Todd Streelman, Chair
There could not be a more exciting time to be a life scientist. We have come through three incredibly productive decades of research that have expanded the frontiers of knowledge in many areas. We have made amazing progress in understanding the workings of individual cells, organisms, populations, and communities. For example, we now understand many of the molecular details of how information is encoded and expressed by genes throughout plant and animal development. On the cellular level, we have begun to document the mechanisms that underlie various neurological and physiological processes associated with a variety of human diseases. At population level, many of the mysteries about how species interact and adapt to their environments are beginning to unravel.
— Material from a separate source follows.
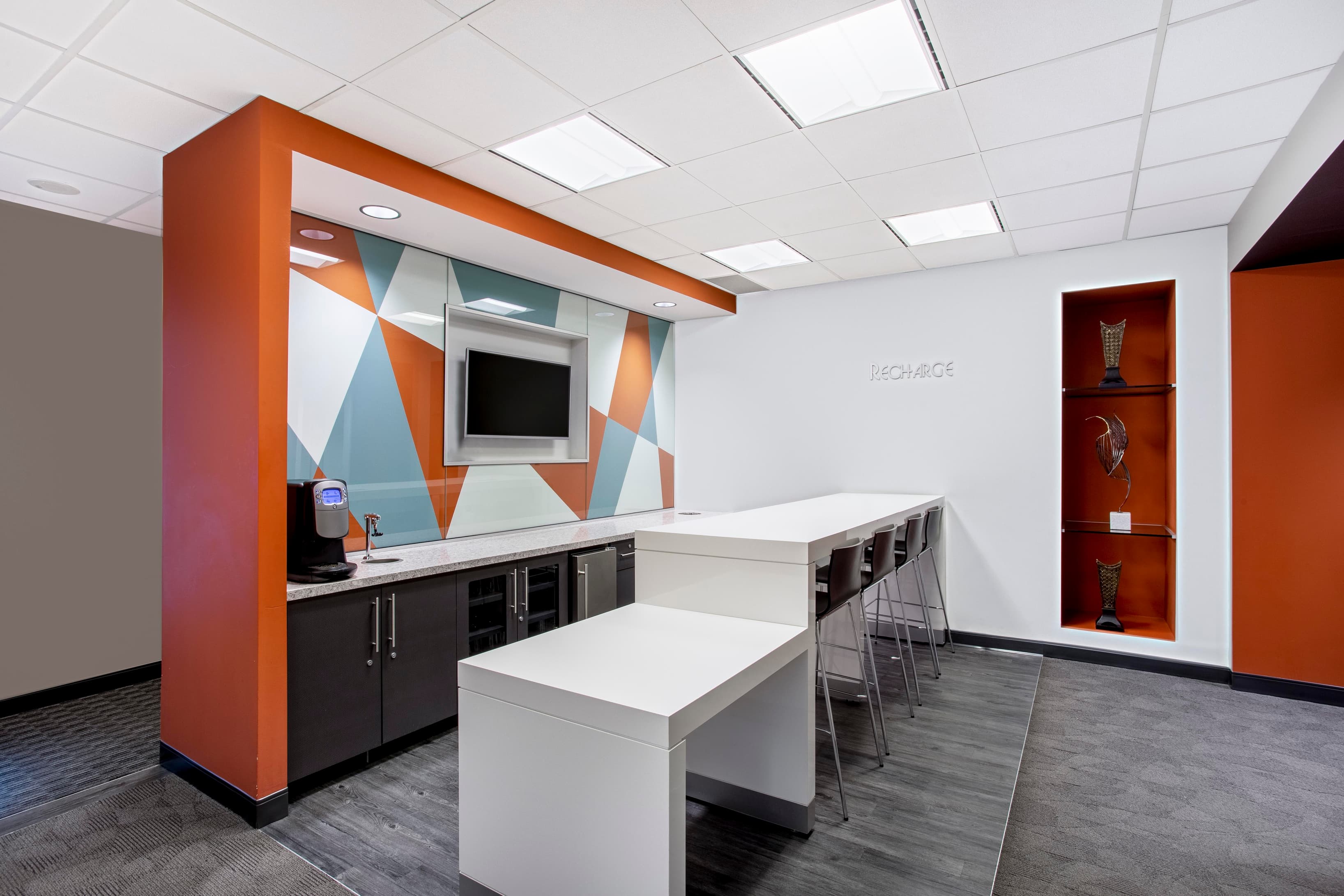 BC, Vancouver - MNP Tower image 2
The next twenty years promise to be just as exciting and productive in biological science. Most scientists agree that future advances in biological science will result from integration rather than specialization. For example, future ecologists will integrate knowledge of cellular and molecular processes to better understand how organisms sense their environments and how they use these sensations to induce behavioral and physiological responses in individuals, populations, and communities. Boundaries that currently define traditional areas of biological research are becoming blurred, and life scientists now regularly integrate knowledge and methodologies from fields that are currently considered outside of biological science. The significant role of mathematics and computer science in biological research will continue to grow. Increasingly, cells, organisms, and populations will be viewed and studied as composites of dynamically interacting units. These approaches will be focused on solving some of our most challenging problems like climate change, the loss of biodiversity, water and food security, bioremediation, and drug discovery.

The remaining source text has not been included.